The generalizability concern is familiar from the descriptive examples above, but for causal effects it takes a specific form: what matters is not whether the trial sample differs from the national population on any characteristic, but whether it differs on characteristics that modify the treatment effect. If the intervention works equally well regardless of health-seeking behavior, education, or geographic isolation, then the trial estimate applies nationally even though the sample was unrepresentative. But if the intervention works better among women already engaged with health services—because they’re easier to reach, more receptive to counseling, or face fewer structural barriers—then the 15 percentage point effect may overstate what would happen at scale.
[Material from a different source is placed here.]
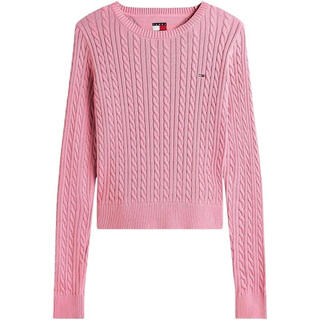 Tommy hilfiger women's sweater warm and breathable cotton daily commuting knitted simple rosa one size | eu l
The key distinction from transportability is not the method but the relationship between populations. For generalizability, the trial sample is contained within the target population; for transportability, it is external. But in both cases, the core question is the same: do the populations differ on effect modifiers? And in both cases, adjustment is only possible when those modifiers are measured and the necessary assumptions hold.
8.3 Transportability: Do the Results Apply to a Different Population Entirely?
Generalizability addresses cases where the study sample is contained within the target population. Transportability addresses the harder problem: applying findings to a population the study never sampled from—where the study population is external to the target population.
A ministry of health in Kenya reads a trial conducted in India and wonders whether the intervention would work in their context. A funder reviews evidence from urban clinics and asks whether the findings apply to rural settings that were never included in the study. A policymaker sees impressive results from a research-intensive trial and asks whether they would hold under routine conditions in a different health system.
No improvement to the original study’s sampling design helps answer these questions. The Kenyan ministry isn’t asking whether the Indian trial represented its source population—they’re asking whether findings from India apply in Kenya. The study population and target population don’t overlap at all.
The same effect modification logic from earlier applies here, but the problem is more challenging. For generalizability, you’re asking whether effect modifiers are distributed differently in your sample than in the same target population it was drawn from. For transportability, you’re asking whether effect modifiers are distributed differently across entirely separate populations—and whether the causal mechanism that produced the effect in one setting would operate the same way in another.
This is why transportability requires reasoning about how an intervention works, not just whether it worked. If you understand the mechanism—and the conditions under which it operates—you can reason about whether those conditions are likely to hold elsewhere.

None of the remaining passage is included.